Gabriele Montalbano (Università di Bologna)

La retorica dell’invasione dei migranti in Italia, la conseguente militarizzazione del Mediterraneo centrale e la disumanizzazione delle persone che tentano di attraversarlo da sud, sono temi che hanno formato e continuano a formare il dibattito pubblico nazionale. La paura — inventata, incanalata e strumentalizzata — delle migrazioni mediterranee viste come minacce o possibili invasioni ha una storia lunga, complessa e radicata nel passato coloniale, e include anche le relazioni tra Italia, Tunisia e Francia.

Quando nel 1881 la Francia, partendo dall’Algeria già occupata dal 1830, invade la Reggenza di Tunisi ponendo questa provincia ottomana — fino ad allora largamente autonoma — sotto la propria protezione diplomatica e militare, trova un numero consistente di italiani residenti. La loro composizione è estremamente variegata e frutto delle stratificazioni storiche delle mobilità mediterranee: discendenti degli schiavi delle guerre corsare, commercianti ebrei sefarditi, imprenditori liguri, esuli politici risorgimentali avevano fatto della Tunisia il centro delle loro attività commerciali, politiche e sociali. A seguito dell’occupazione militare e con l’avvio delle opere pubbliche a servizio del regime coloniale (porti, strade, miniere, sfruttamento agricolo), molta manodopera — perlopiù proveniente dalla Sicilia occidentale e dalla Sardegna meridionale — fu attratta nel Paese maghrebino, aggiungendosi al composito gruppo di cittadini italiani già lì residenti.
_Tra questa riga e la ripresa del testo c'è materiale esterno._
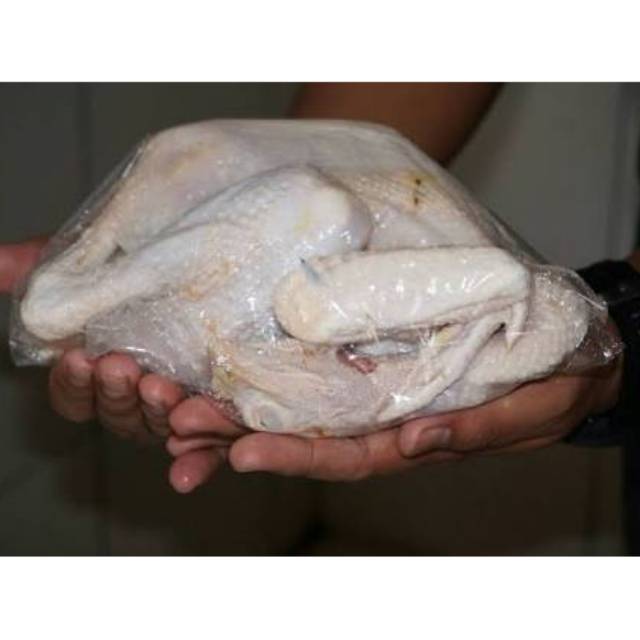 

Daging Ayam Kampung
Un gruppo che, pur estremamente eterogeneo da vari punti di vista, era accomunato dalla nazionalità di un Paese che, all’indomani della sua unificazione nel 1861, si proponeva come potenza imperiale e, sebbene più debole diplomaticamente e militarmente di altre, nutriva appetiti coloniali verso l’Africa. L’occupazione della Tunisia non passò infatti inosservata alla classe politica italiana, che la interpretò come un affronto da parte francese. Il cosiddetto “schiaffo di Tunisi” provocò una rottura diplomatica con la Francia, riorientando l’Italia liberale verso gli Imperi Centrali. In queste tensioni imperiali, le migrazioni proletarie furono fortemente politicizzate in senso nazionalista e colonialista.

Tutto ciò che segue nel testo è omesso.